Academics are Lazy

Patrick Deneen, professor at the University of Notre Dame, has posted an article in which he states the following:

Indeed, as a school of thought, a pure form of philosophical libertarianism was not a significant presence in American history until its articulation as Social Darwinism in the early 20th century- including its attraction to eugenics- and did not appear as an economic school of thought until the mid-twentieth century under the influence of several foreign thinkers, F. A. Hayek and von Mises (and later, Ayn Rand).

I will put aside Ayn Rand because I have not read enough of her work.  Von Mises rejected Social Darwinism and eugenics. Here is Mises on the subject of Social Darwinism:

Since Darwin we have been inclined to regard the dependence of human life on natural environment as a struggle against antagon­istic forces.
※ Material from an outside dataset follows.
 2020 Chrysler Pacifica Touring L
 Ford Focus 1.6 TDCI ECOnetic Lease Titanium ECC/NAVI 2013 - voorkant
There was no objection to this as long as people did not transfer the figurative expression to a field where it was quite out of place and was bound to cause grave errors. When the formulas of Darwinism, which had sprung from ideas taken over by Biology from Social Science, reverted to Social Science, people forgot what the ideas had originally meant. Thus arose that monstrosity, sociological Darwinism, which, ending in a romantic glorification of war and murder, was peculiarly responsible for the overshadowing of liberal ideas and for creating the mental atmosphere which led to the World War and the social struggles of to-day. lt is well known that Darwin was under the influence of Malthus’s Essay on the Principle of Population. But Malthus was far from believing struggle to be a necessary social institution. Even Darwin, when he speaks of the struggle for existence, does not always mean the destructive combat of living creatures, the life or death struggle for feeding places and females. He often uses the expression figuratively to show the dependence of living beings on each other and on their surroundings. lt is a misunderstanding to take the phrase quite literally, for it is a metaphor. The confusion is worse confounded when people equate the struggle for existence with the war of exter­mination between human beings, and proceed to construct a social theory based on the necessity of struggle.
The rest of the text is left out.